TRADUCCIÓN ERNESTO LUMBRERAS
Rompía el vasto sueño en mi cabeza
un trueno brutal que me despertaba
como durmiente alzado con violencia;
puesto de pie, serena la mirada,
con el ojo avizor en el entorno
deseando saber dónde me encontraba.
Cierto, me hallé en el límite de un valle,
al filo de un abismo doloroso
que acogía el fragor de infinitos ayes.
Era oscuro, profundo y nebuloso
que de tanto fijar la vista al fondo
no pude distinguir ninguna cosa.
“Hora de descender al ciego mundo”,
expresó el poeta, la tez pálida.
“Yo iré primero y tú serás segundo”.
Yo, que vi su blancura, preguntaba:
“¿Cómo avanzar, si tú, quien de costumbre
calmas mis dudas, muerto estás de miedo?”.
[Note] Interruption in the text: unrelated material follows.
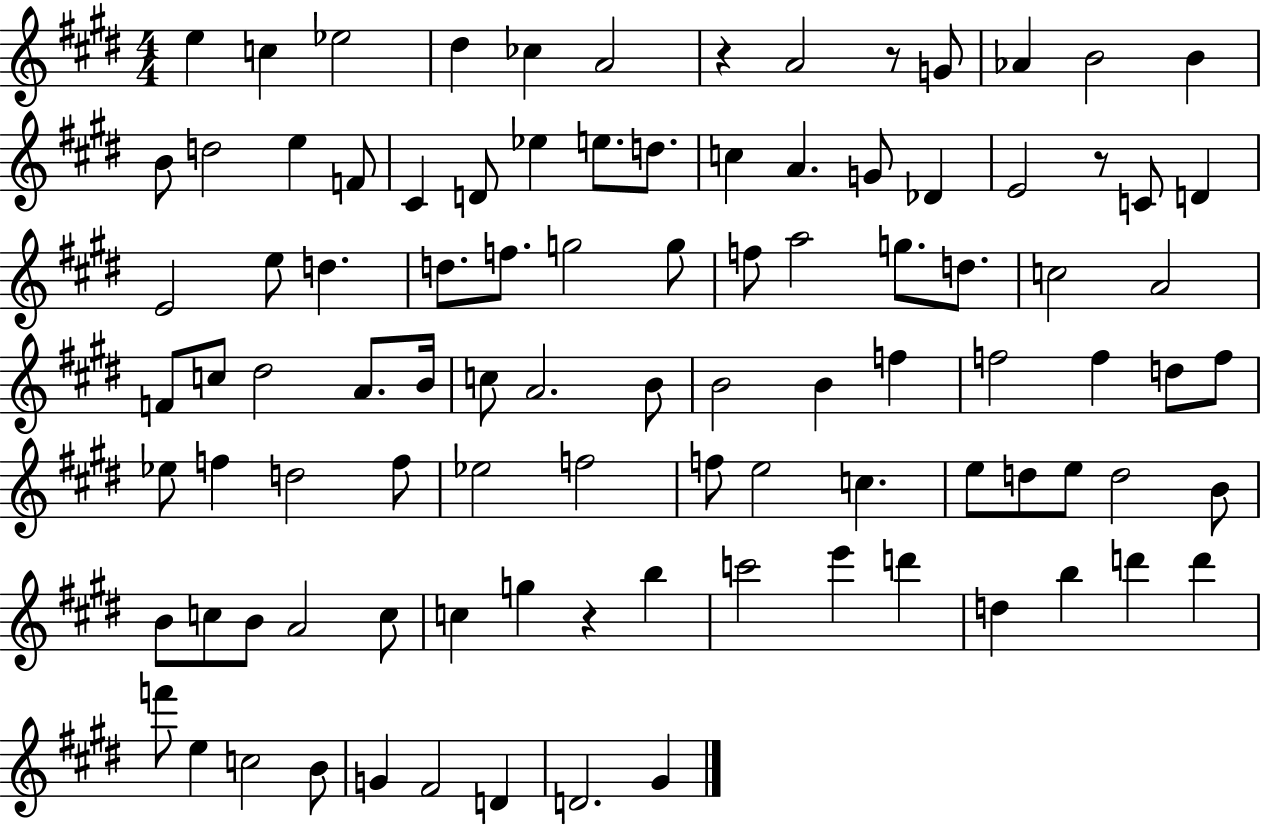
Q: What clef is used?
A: treble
Y él me dijo: “La angustia de la gente
que mora allá, abajo, en mi rostro
pinta una piedad que por miedo tomas.
Vamos, que nos aguarda un largo viaje”.
Entró él así y así entrar me hizo
al primer cerco que ciñe al abismo.
Allí, de cierto, lo que se escuchaba
no eran llantos, tan sólo un suspirar
que hacía estremecer el aire eterno;
era un dolor causado sin martirio
lanzado por la turba numerosa
de infantes, de mujeres y varones.
El buen maestro dijo: “¿No preguntas
qué espíritus son éstos que tú miras?
Antes de proseguir quiero que sepas
que ellos no pecaron y sus mercedes
no bastan, pues carecen del bautismo,
el portal de la fe de tu creencia;
habitaron antes del cristianismo
y a Dios no adoraron, como se debe:
yo mismo formo parte del tropel.
Por esas faltas, no por otra culpa,
perdidos somos y es nuestro castigo
vivir sin esperanza en el deseo”.
Dolió a mi corazón el oír esto
pues reconocí gente de valía,
allí, en aquel limbo suspendida.
“Dime, maestro mío, señor, dime”,
le pregunté queriendo estar seguro
de aquella fe que todo error vencía:
“¿alguno salió de aquí, bien por su obra
o por la de otros, para ser beato?”.
Y él que entendió mi frase puntillosa,
repuso: “Yo era aquí recién llegado
cuando vi surgir a un ser poderoso
con signo de victoria coronado.
Rescató el alma del primer pariente,
la de Abel, su hijo, así la de Noé,
la de Moisés, jurista y obediente,
Abraham, el patriarca, y David rey,
a Israel con su padre y con sus hijos,
con Raquel por quien tanto obraría,
y otros más a quienes hizo beatos.
Y debes de saber que después de ellos
ninguna alma humana fue salvada”.
No paramos de andar porque él hablaba,
sin embargo, cruzábamos la selva,
la selva, digo, espesa de espíritus.
Nuestro caminar no era todavía
mucho, desde aquel sueño, cuando un fuego
vi derrotar al sombrío hemisferio.
Estábamos aún un poco lejos
aunque no mucho para darme cuenta
que el lugar lo ocupaba gente ilustre.
“Oh, tú, que ciencia y arte dignificas,
¿quiénes son éstos que el honor merecen
para estar separados de los otros?”.
Él me respondió: “La gloria lograda
que de ellos se pregona donde vives,
gracia celestial toma y se les premia”.
Mientras tanto, una voz por mí oída
clamó: “Honra al altísimo poeta,
torna su sombra tras haber partido”.
Luego que la voz se contuvo muda,
cuatro sombras enormes vi venir,
en sus semblantes no había tristeza
ni alegría. El buen maestro dijo:
“Mira al que viene con espada en mano,
quien preside a los tres cual gran señor:
es Homero, poeta soberano,
el de atrás es Horacio, el satírico,
lo sigue Ovidio y al final, Lucano.
Aunque mejor conviene a cada bardo,
decir el nombre que la solitaria
voz me tributó, los cuatro me elogian”.
Así, reunida vi, la bella escuela
de aquel mi señor de sublime canto
que cual águila a todos sobrevuela.
Tras de haber cavilado un poco entre ellos,
tornaron hacia mí con un saludo
cortés que sonreír hizo a mi guía.
Después de tal honor todavía vino
otro mayor: me hicieron uno de ellos
y así entre tanto ilustre yo fui el sexto.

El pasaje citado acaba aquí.